Wednesday, July 25, 2012

Would you believe?


 How long?     Admittedly, this is not what I had wanted to write. Semester ending plans for completing one of two books in my hopper had crystallized. Unwritten chapters sensed release like a gang of bees from my fingertips. Then came this op ed that caused me to push away my book for another day.

Here are a few snippets:

N. Y. TIMES
July 24, 2012

Alone in the Void
By ADAM FRANK
Rochester
SOMETIME this year Voyager 1, a probe sent from Earth 35 years ago, will cross a threshold no human-fashioned object has reached before. Passing through a sun-driven shock wave at the edge of the solar system, it will reach the icy dominions of interstellar space... Still, after three and a half decades of hyper-velocity spaceflight, it will take another 700 centuries for the craft to cross the distance to the nearest star.
Short of a scientific miracle of the kind that has never occurred, [my emphasis] our future history for millenniums will be played out on Earth and in the “near space” environment of the other seven planets, their moons and the asteroids in between... Like it or not, we are probably trapped in our solar system for a long, long time.
Simply say “warp drive” to just about anyone and see if they know what you mean… How many people would be surprised to know that warp drive isn’t even a coherent concept, let alone a near-future technology?
The truth is we propel ourselves into space using much the same physics as the Chinese played with when they discovered what we came to call gunpowder more than 1,400 years ago. Blowing stuff up under us is just about the only way we know how to travel through the void.
… While our children’s children’s great-grandchildren will live with ever more powerful technology, they will also live ever more intimately with ever more billions of others in this, our corner of the cosmos. Looking back and forward, my bets are now on that same human genius, ambition and hope to rise to the occasion...There will be nowhere else to go for a very long time.
Adam Frank, a professor of physics and astronomy at the University of Rochester, is the author of “About Time: Cosmology and Culture at the Twilight of the Big Bang” and a co-founder of NPR’s “13.7 Cosmos and Culture” blog.
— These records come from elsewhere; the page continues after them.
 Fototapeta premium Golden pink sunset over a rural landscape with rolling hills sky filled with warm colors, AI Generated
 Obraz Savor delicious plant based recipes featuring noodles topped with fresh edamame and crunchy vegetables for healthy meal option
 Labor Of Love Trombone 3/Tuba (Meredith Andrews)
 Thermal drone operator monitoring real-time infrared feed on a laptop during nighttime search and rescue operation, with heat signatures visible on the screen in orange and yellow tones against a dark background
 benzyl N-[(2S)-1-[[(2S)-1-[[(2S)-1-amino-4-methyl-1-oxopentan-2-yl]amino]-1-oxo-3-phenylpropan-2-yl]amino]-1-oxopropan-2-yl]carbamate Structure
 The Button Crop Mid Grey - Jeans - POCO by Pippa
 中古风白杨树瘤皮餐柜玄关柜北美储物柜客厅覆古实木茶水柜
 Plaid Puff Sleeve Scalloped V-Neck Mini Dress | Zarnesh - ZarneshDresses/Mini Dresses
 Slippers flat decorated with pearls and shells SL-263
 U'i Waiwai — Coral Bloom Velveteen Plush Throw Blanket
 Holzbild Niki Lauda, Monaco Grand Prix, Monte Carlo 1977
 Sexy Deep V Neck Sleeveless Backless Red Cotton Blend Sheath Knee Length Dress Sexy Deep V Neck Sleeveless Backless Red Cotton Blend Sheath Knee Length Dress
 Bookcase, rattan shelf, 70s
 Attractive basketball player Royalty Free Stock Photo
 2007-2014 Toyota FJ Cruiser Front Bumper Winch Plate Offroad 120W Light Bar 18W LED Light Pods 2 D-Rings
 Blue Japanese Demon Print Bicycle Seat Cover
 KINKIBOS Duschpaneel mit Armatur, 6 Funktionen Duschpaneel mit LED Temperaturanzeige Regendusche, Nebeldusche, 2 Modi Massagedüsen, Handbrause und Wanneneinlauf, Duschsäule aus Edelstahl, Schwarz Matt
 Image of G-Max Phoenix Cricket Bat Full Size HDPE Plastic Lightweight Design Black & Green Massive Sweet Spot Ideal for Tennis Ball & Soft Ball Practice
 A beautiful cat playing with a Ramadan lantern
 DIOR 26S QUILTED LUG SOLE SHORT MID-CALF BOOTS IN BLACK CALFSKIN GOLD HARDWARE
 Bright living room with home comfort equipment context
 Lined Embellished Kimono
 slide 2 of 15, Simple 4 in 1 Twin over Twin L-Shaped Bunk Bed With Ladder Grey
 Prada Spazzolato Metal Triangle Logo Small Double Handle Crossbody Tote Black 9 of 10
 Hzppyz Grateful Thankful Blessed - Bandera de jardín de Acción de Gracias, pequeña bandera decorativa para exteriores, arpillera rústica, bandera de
Fond of the New York Times as a liberal voice that seldom escapes that particular box, I contrast what I read with insights that are more empirical. In this case, my personal experience trumps Adam Frank’s perceptions.
By Frank’s reckoning, I have witnessed what Voyager 1 won’t see for another 70,000 years. (…it will take another 700 centuries for the craft to cross the distance to the nearest star.)

Indeed, when I saw a flying saucer while at Smith Mountain Lake not far from Gretna, VA, I witnessed a craft that had flown here, apparently, from another star or planet. Had it been flying more than 70,000 years to arrive on Earth?

I don’t think so. That’s because I saw it come, then go.

Then I saw it come and go again.

Calculating its speed wasn’t difficult. Even a non-astrophysicist like me can figure the time it takes to snap one’s fingers and to note how far an object has traveled in that short span.

Hardly the best measure, I agree, but I did it. The craft was, by my calculation, zipping along faster than the speed of light. Or, as Adam Frank would refer to it, at “warp drive”.
[…How many people would be surprised to know that warp drive isn’t even a coherent concept, let alone a near-future technology?]

But that isn’t all. According to Adam Frank, …Blowing stuff up under us is just about the only way we know how to travel through the void.
My eyes have showed me that there are ways that are much more efficient. We just don’t know what they are. When the craft I saw stopped and perched seventy feet from me at a height of a little less than that, I noticed that, as it came, it didn’t make a sound.

When it zigged, that zagged to leave, there was no noise, no sonic boom, no trail of smoke that issued from its exhaust. Actually, it didn’t have any wings either.

Nor was it a missile. It looked and acted like a flying saucer from the Jetsons.

Although I am open to his astrophysical explanations about what I viewed, I will gladly yield to a more mundane lie detector test to assure Adam Frank that I did see what I saw and that my report is clear and true. In fact, I’ll invite him to chew the fat about the impact my sighting has had on my cosmological perspective.

The word ‘stretched’ comes to mind. To that end, I will send this piece to him if I can find his Rochester address. Of course, I’ll send it by snail mail, fitting in light of his comment that:

There will be nowhere else to go for a very long time.